Study 1 Report Specifications

Author

431 Staff

Published

2023-10-16

Produce a beautiful HTML report containing 8 main sections, as described below. It should include:

Headings you should use in the Study 1 report

All of your work should be done in a fresh R project in a clean directory on your computer. - If you are working with NHANES data, your directory should include a data subdirectory, in which you will probably need to place the Love-boost.R script. - If you need to ingest non-NHANES data, then your data directory should also include the raw data files.

  1. Setup and Data Ingest
    • Be sure to load all necessary packages and ingest your data, either by reading it in with nhanesA or by reading in your raw non-NHANES data. Load the tidyverse last and do not load core packages from the tidyverse separately.
  2. Cleaning the Data
    • Be sure to review the material (including the Tips on Cleaning Data) provided in the Data Development section of this website.
    • Note that it’s only necessary to clean the variables you will actually use in your four analyses below. Select only those variables (including the subject identifier) here when you create your analytic tibble.
    • I also suggest applying clean_names at the start, but I wouldn’t otherwise change variable names if you’re not changing the meaning of the variables. If you want to change the names, you can, but then you must indicate that in your codebook, and do the renaming before you show the codebook.
    • If you create a new categorical variable from an existing quantitative variables, do so in this section of your report, and then refer to that work in the analyses below when you use the new variable.
  3. Codebook and Data Description
    • The first thing that should appear in the section is a description of the subjects of your study.
      • As an example of what I’m looking for, suppose that you are working with NHANES data and have identified 3500 adults between the ages of 21 and 79 who have complete data on the variables in your final data set. In that case, the description I would want to see would be: “3500 adults ages 21-79 participating in NHANES 2017-18 with complete data on the variables listed in the table below.”
    • In the first subsection in this section, labeled Codebook, present a codebook where you list all of the variables you will actually use in your four chosen analyses, in the format you will use in those analyses. Do not include any other variables (besides the subject identifying code) in the codebook.
    • Present your codebook in a table, with either three or four columns.
    • Place the variable name you will use in your analyses in the left-most column. The Codebook lists all of the variables you will use in your analyses (plus the subject identifying code). If you’re working with NHANES data, you should include both SEQN (subject code) in this list.
    • The type of variable should be Quant (for quantitative variables), Binary (for two-category variables), or X-cat for multi-category variables) where X should either be 3, 4, 5 or 6, to indicate the number of levels in the variable.
    • If you’ve changed a variable name (other than the obvious changes made by clean_names) from what you imported initially from your data source, add a final column where you specify the original variable name. The original name alone is sufficient here.
      • For those working with NHANES data, we will already be able to tell which data set in NHANES you used to obtain this variable from your initial pull of the data with the nhanesA package, so don’t specify the data set name again here.

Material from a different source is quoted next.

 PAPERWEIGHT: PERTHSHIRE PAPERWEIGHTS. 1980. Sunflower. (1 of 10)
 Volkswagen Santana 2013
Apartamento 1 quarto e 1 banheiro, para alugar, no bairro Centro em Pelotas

Make sure your Codebook looks nice and is easy to read in your HTML result. - If you decide to rename any of the variables from the names provided with the raw data, you should specify your new name and the original name in your codebook. - Your codebook should also describe each of the variables you are using and specify whether they are quantitative, binary or multi-categorical. - In the second subsection (called Analytic Tibble), list your clean tibble that the codebook describes, so we can see it is a tibble. Only the variables in your Codebook should appear. - In the third and final subsection here, labeled Data Summary, provide useful descriptive summaries of each variable in your codebook other than the subject identifying code. You can use describe from Hmisc or another option of your choosing to accomplish this. You needn’t provide graphical summaries here, and include only variables that are in your codebook.

Those first three sections should then be followed by any four of the following five sections (which will be sections 4-7 in your report)…

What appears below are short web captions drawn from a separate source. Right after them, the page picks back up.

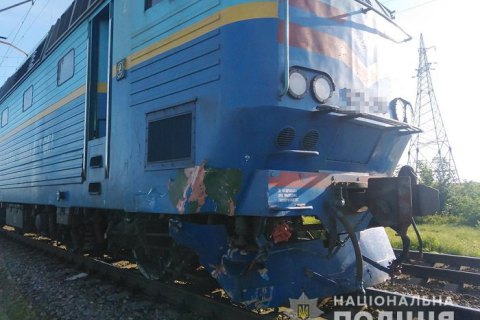 Под Мелитополем поезд снес легковушку на переезде, водитель погиб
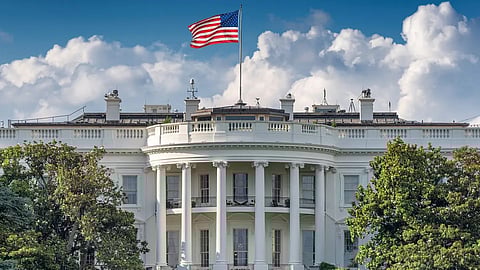 الاستراتيجية الأمريكية في إيران: رؤية شاملة للمستقبل القريب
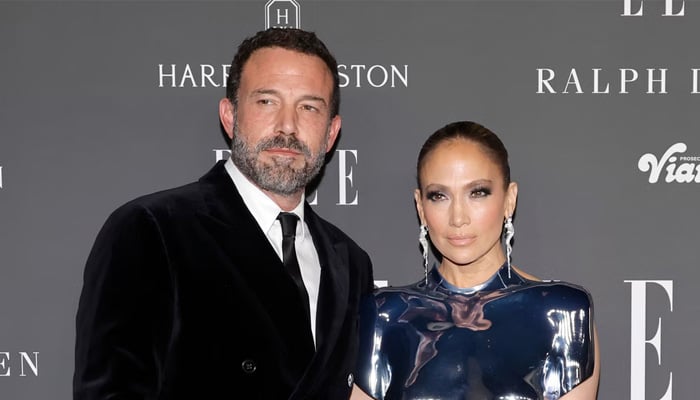 Ben Affleck spotted in public after Jennifer Lopez held Matt Damons hands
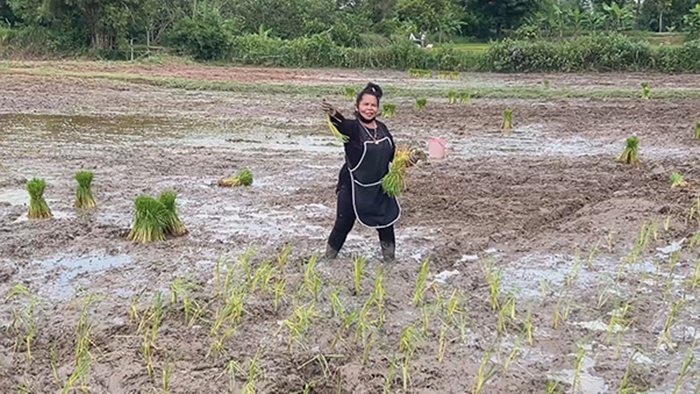 เปิดชีวิตเจ๊อ๋อ ในวัย 51 ปี เคยถูกหวย 90 ล้าน ปัจจุบันทำอะไร เปิดชีวิตเจ๊อ๋อ ในวัย 51 ปี เคยถูกหวย 90 ล้าน ปัจจุบันทำอะไร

  • Analysis A: Comparing 2 Means with Paired Samples
  • Analysis B: Comparing 2 Means with Independent Samples
  • Analysis C: Comparing X Means with Independent Samples (where you’d substitute in the number of means you’re comparing for X)
  • Analysis D: Analyzing a 2x2 table
  • Analysis E: Analyzing a JxK table (where you substitute in the values for J and K)

Within each of the four analyses you present, I’d have four (numbered) subsections:

  1. The Question
    • Start by describing what you want to study, and then specify a research question (which should end with a question mark and be something you can resolve with the planned analysis.)
    • Don’t boil the ocean here. You’re looking for a research question that can be reasonably addressed using your data, so it has to be pretty straightforward.
    • If you have a pre-existing belief about what will happen, before you look at the data, please feel encouraged to include a statement about that belief before specifying your question.
  2. Describing The Data
    • This should start with specifications of what each of the variables you are studying in this analysis actually mean.
    • Your cleaning, creation of factors and other data management activities for each analysis should already have been shown in earlier sections. Please refer back to that section and don’t repeat what you’ve already done. Be sure that the Codebook you provided describes all variables you are using in your analyses here.
    • Provide numerical summaries and visualizations of interest that are relevant to the analysis, and comment on any issues you observe.
  3. Main Analysis
    • Show your work, and comment on whatever decisions you make.
    • Be sure to present and justify the assumptions you are making.
  4. Conclusions
    • Answer your research question, by clearly linking the analytic results to what you were asking at the start.
    • If you can see a logical next step for the analysis of the question you asked, specify it. Also, if you specified a pre-existing belief about what would happen, reflect on that in light of the data.

And finally…

As the final section of your report (which should be section 8), include the session information (using session_info() from either xfun or sessioninfo) as a separate section at the end of your report.